A FUNDRAISING campaign to restore a car once the fastest in the world, and currently on display at Beaulieu, has reached a milestone.

The historic Sunbeam, designed and built solely to break the 200mph land speed barrier, is undergoing painstaking rebuilding by engineers at the National Motor Museum using specialist knowledge and bespoke parts.

The Sunbeam 1000hp restoration campaign, launched with Hampshire-based Brookspeed Automotive in March, has now reached £50,000 of its £300,000 target.

The Sunbeam 1000hp record car
The Sunbeam 1000hp record car

Once complete, the plan is to take it back to Daytona Beach in Florida in 2027 for the centenary of its record-breaking run.

As reported in the A&T, visitors to Beaulieu can currently see the exposed chassis on display in the museum.

Work so far has included soda blasting to remove loose paint, dirt and rust from the historic car’s chassis, ahead of painting.

The Sunbeam's chassis ahead of soda blasting
The Sunbeam's chassis ahead of soda blasting

When bodywork was removed to expose the chassis it revealed a time capsule of original mechanics’ tools and a preserved shilling with a 1921 stamp found in solidified oil on top of the rear suspension spring.

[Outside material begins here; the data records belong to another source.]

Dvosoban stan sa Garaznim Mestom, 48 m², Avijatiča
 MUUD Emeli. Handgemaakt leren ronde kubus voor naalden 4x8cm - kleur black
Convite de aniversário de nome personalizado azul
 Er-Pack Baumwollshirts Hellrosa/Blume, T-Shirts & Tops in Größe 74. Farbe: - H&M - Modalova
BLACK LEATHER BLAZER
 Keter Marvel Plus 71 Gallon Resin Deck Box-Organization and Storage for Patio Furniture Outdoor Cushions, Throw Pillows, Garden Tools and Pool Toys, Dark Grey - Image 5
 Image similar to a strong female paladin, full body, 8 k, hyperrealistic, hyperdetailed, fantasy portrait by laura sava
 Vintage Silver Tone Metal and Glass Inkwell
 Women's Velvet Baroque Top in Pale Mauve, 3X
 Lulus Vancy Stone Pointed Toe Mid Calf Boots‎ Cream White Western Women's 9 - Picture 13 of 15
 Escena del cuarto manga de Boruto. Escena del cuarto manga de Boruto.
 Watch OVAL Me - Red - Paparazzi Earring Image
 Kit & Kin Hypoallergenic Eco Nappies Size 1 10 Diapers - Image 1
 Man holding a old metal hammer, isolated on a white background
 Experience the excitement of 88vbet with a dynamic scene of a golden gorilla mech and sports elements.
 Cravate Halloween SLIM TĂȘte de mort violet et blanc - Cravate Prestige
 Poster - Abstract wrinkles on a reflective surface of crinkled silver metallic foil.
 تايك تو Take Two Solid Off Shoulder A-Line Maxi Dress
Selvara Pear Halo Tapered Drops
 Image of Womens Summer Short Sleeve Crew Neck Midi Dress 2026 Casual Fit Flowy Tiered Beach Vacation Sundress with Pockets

They had remained hidden since legendary racing driver Major Henry Segrave made motoring history in 1927.

Other work includes laser rust removal on axles and non-painted metal.

The Sunbeam’s two 22.5-litre engines, which each produced 435bhp, have not run since before the Second World War more than 80 years ago, due to corrosion.

Its rear V12 aero engine is being reassembled by the museum’s team of mechanics, with funds needed to complete the second engine ahead of the full restoration.